Posted December 24, 2021 5:00 a.m. EST
Updated December 24, 2021 8:58 a.m. EST
CBC Editorial: Friday, Dec. 24, 2021; Editorial #8724
The following is the opinion of Capitol Broadcasting Company.
It seems Phil Berger, leader of North Carolina’s legislature, now agrees that our state’s public schools do, in fact, fail to meet the State Constitution’s guarantee of making sure every child has access to a quality education.
“Lagging achievement,” he says of our public schools. “Outright failure,” he goes on. So, he does agree that the state –which by the way includes Phil Berger and the other legislators who serve under his leadership – is in violation of the Constitution. It is good to see that he’s come around to agreeing with no fewer than two affirmations of that by our State Supreme Court since 1997.

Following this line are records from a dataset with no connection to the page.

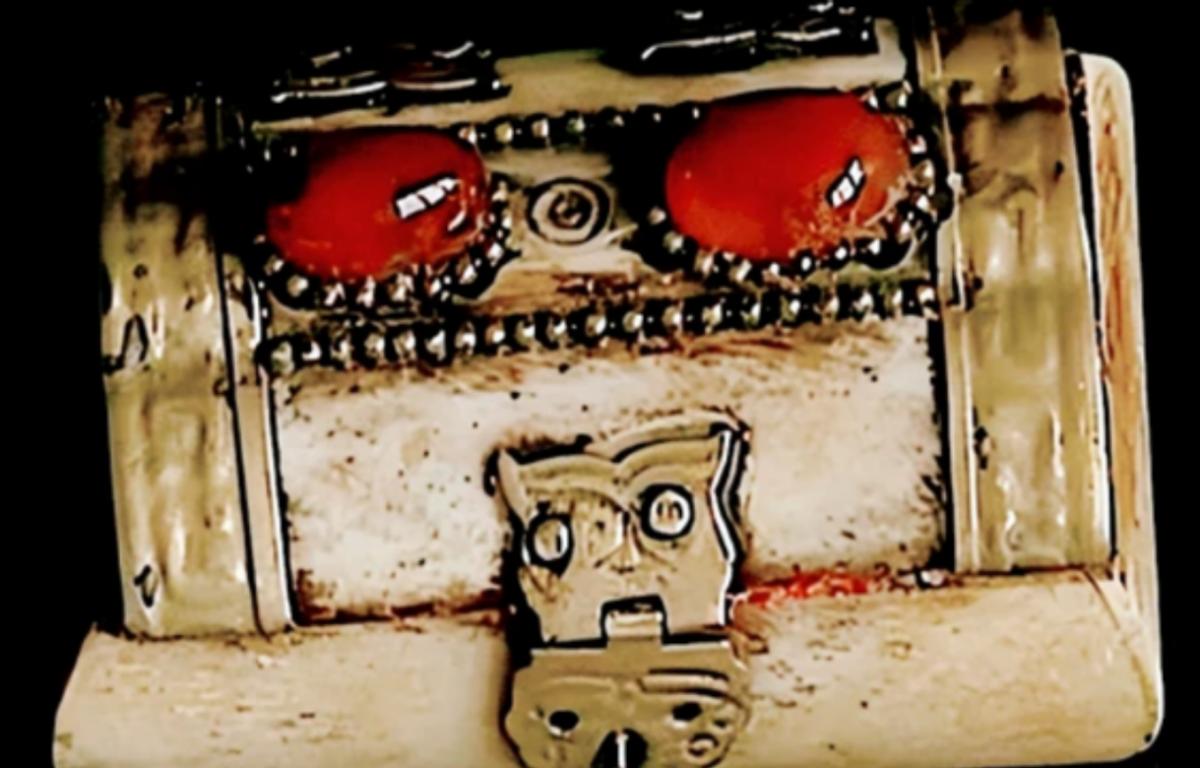 1971年内蒙退伍军人救下一老人，获赠小泥球，38年后发现价值2亿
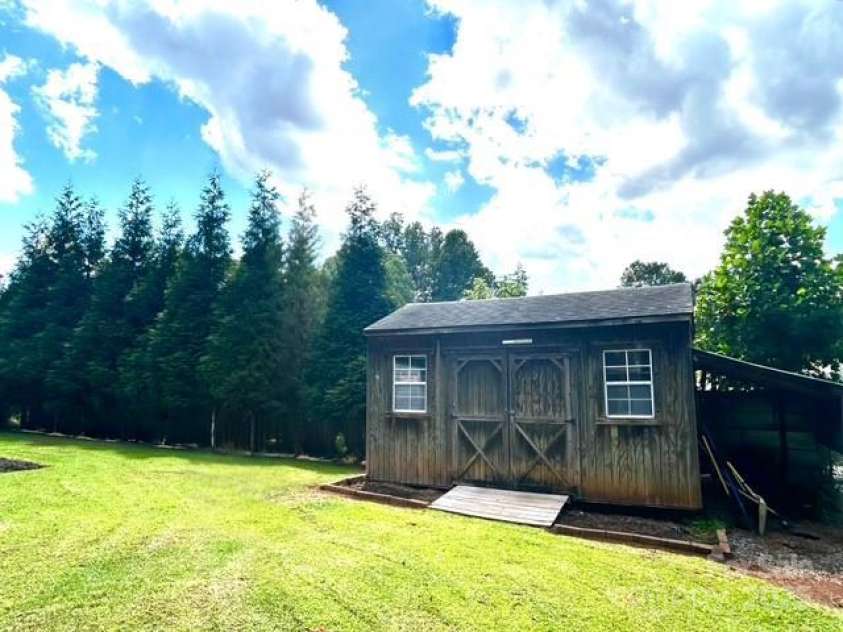 607 6th Street Court, Conover, NC 28613.  MLS# CAR4282003, YatesRealty ID 29193. 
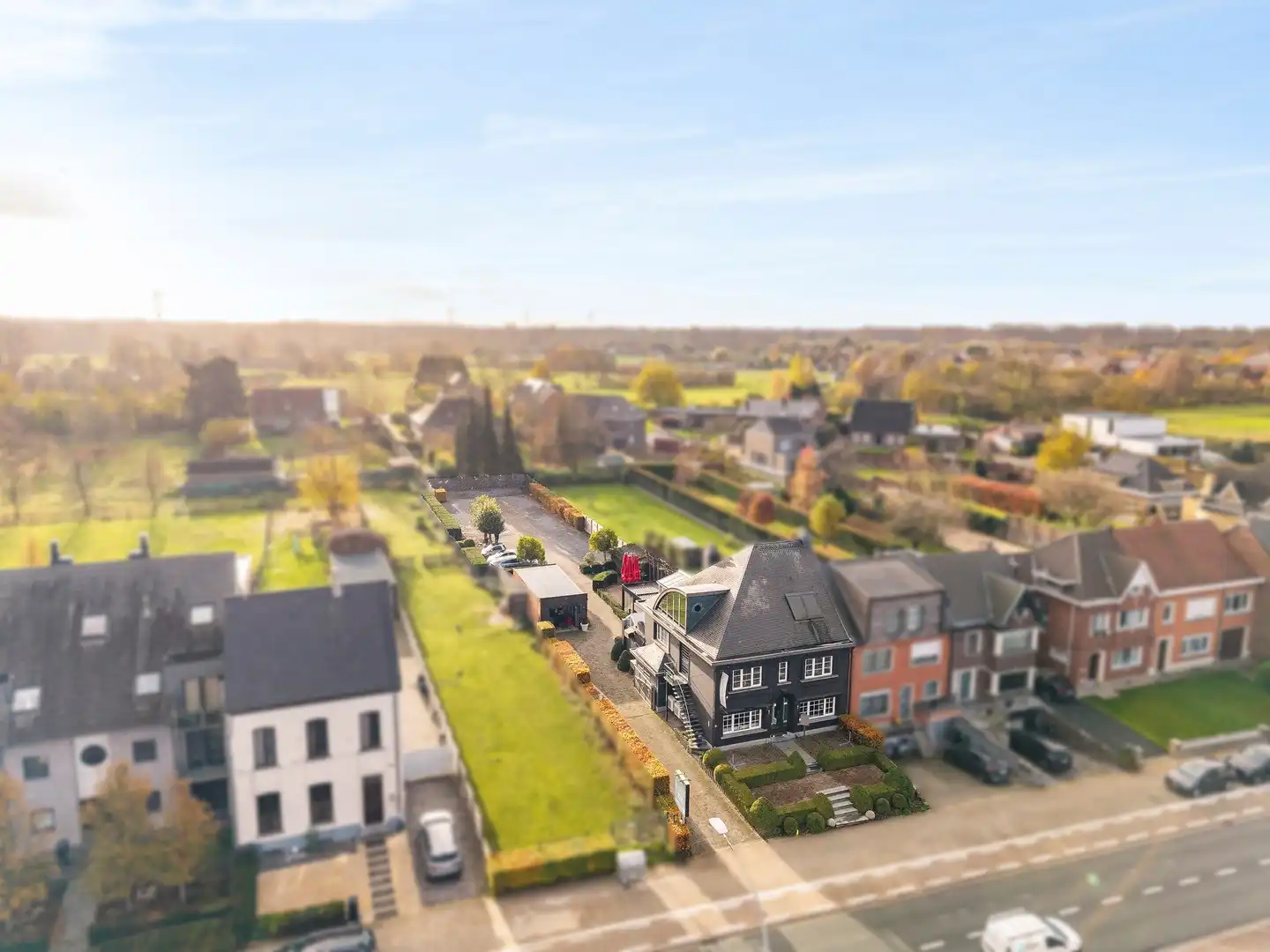 Gebouw waar het gezellige restaurant "De Vondel" is ondergebracht met woonst en voldoende parking op eigen terrein foto {{pictureIndex}}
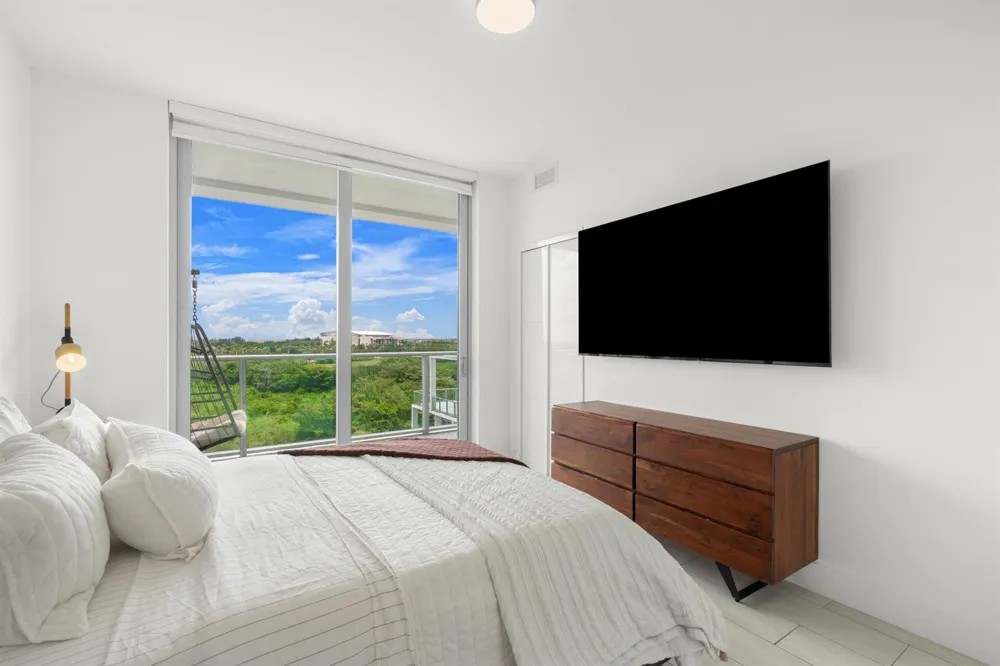 2000 Metropica Way #801 Sunrise, FL 33323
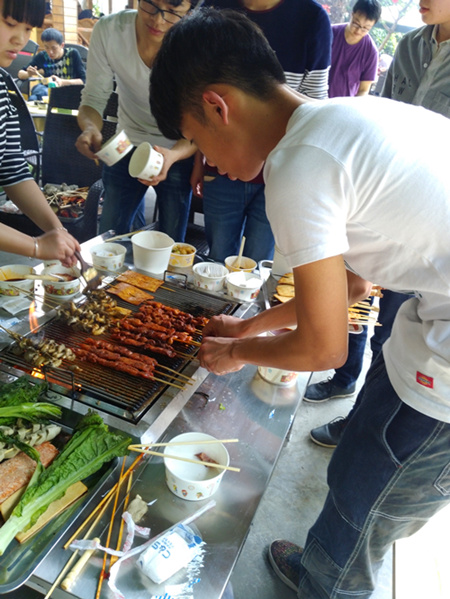 北门烧烤小能手.jpg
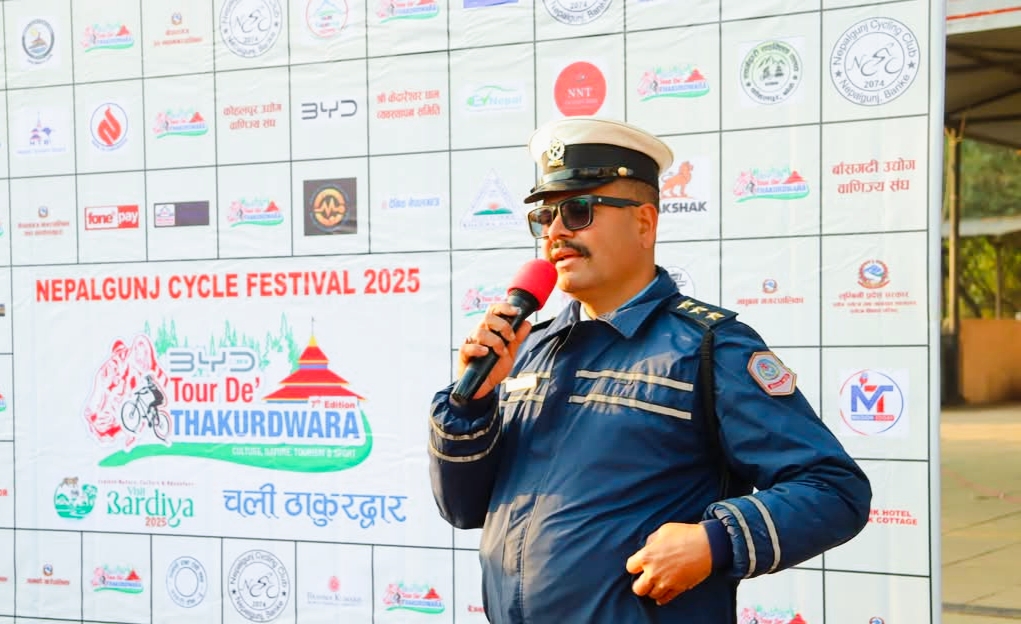 बाँके जिल्ला ट्राफिक प्रहरीको निर्देशनमा विभिन्न पोष्टहरुमा ट्राफिक सचेतना अभियान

Judge David Lee, who Berger regularly personally insults, denigrates and mischaracterizes, did what he was assigned to do by former state Supreme Court Justice Mark Martin (a Republican like Berger). He brought the plaintiffs and defendants together in OPEN court, reviewed the facts of the matter and the positions of the opposing parties and facilitated a mutually agreeable resolution.
What Berger doesn’t like is that it is an affirmation of public education and our state’s constitutional principle that it is state government’s responsibility to provide every child with access to a quality education.
Does Berger believe that’s what is happening today? The Education Law Center, in its “Making the Grade 2021: How fair is school funding in your state” gives North Carolina an “F” in funding level – 49th among the 50 states and Washington D.C. The state gets another “F” in funding effort – 47th. Who’s responsible for those bottom-of-the-barrel levels?
Berger blames “a failed education bureaucracy.”
Is he talking about the state Board of Education, the Superintendent of Public Instruction, the women and men who serve on local boards of education, school district superintendents, the classroom teachers and their students?
Of course this presumes Berger and his legislators have no responsibility.
Blame the bureaucrats. It’s a nebulous, meaningless dodge of the responsibility Berger shoulders. Who was the champion of abolishing the Teaching Fellows program? Who continues to push private school vouchers that funnel millions of dollars to schools that aren’t required to show reasonable or transparent measures of student achievement – they aren’t even required to show that students show up at class.
In a transparent and methodical way, the plaintiffs (local school systems, students and parents) and defendants (the state of North Carolina and the state Board of Education) worked together under Judge Lee’s guidance to reach agreement on specifically where North Carolina’s schools were failing to provide for a quality education and what specifically needed to be done to remedy the situation.
It’s not, as Berger suggests, an “unconstitutional scheme to funnel $1.7 billion in extra money to a failed education bureaucracy.”
It’s far from a “simple application of more money,” as Berger suggests. That, in fact, has been the way he’s going about directing hundreds of millions of taxpayer dollars to fund his private school voucher program.
It does take a lot of money to address the decades of neglect that North Carolina’s public schools – its teachers and students – have suffered.
The plaintiffs and defendants, working with the Friday Institute for Education Innovation at N.C. State University, the Learning Policy Institute in Washington and coordinated by WestEd, came up with a comprehensive plan to deliver a sound basic education for children in North Carolina public schools.
It is no broad-brush solution but a highly detailed program that pinpoints specific areas of need throughout the public education process to help make teachers more effective and provide students with resources and support services so they’ll be better learners.
It is an example of leadership that Berger should be praising and supporting.
Current Superintendent of Public Instruction Catherine Truitt should be in the forefront to support and fund this critical effort – instead of sheepishly and quietly remaining on the sidelines.
Now that Berger has said he agrees that North Carolina has been violating the State Constitution when it comes to meeting its obligation to provide a quality education to all children it’s time for him to speak up.
If you don’t agree with the detailed program outlined in the Leandro remedial program tell us, just as specifically, what you’d do to right this awful wrong.
Just blaming un-named bureaucrats is a dodge.
Throwing more money at the situation – as is being done through his private school voucher program – is just more of what he says are unproductive efforts.
North Carolina students deserve the quality education they’ve been promised and too-long denied. Berger and his legislators need NOW to put-up or get out of the way.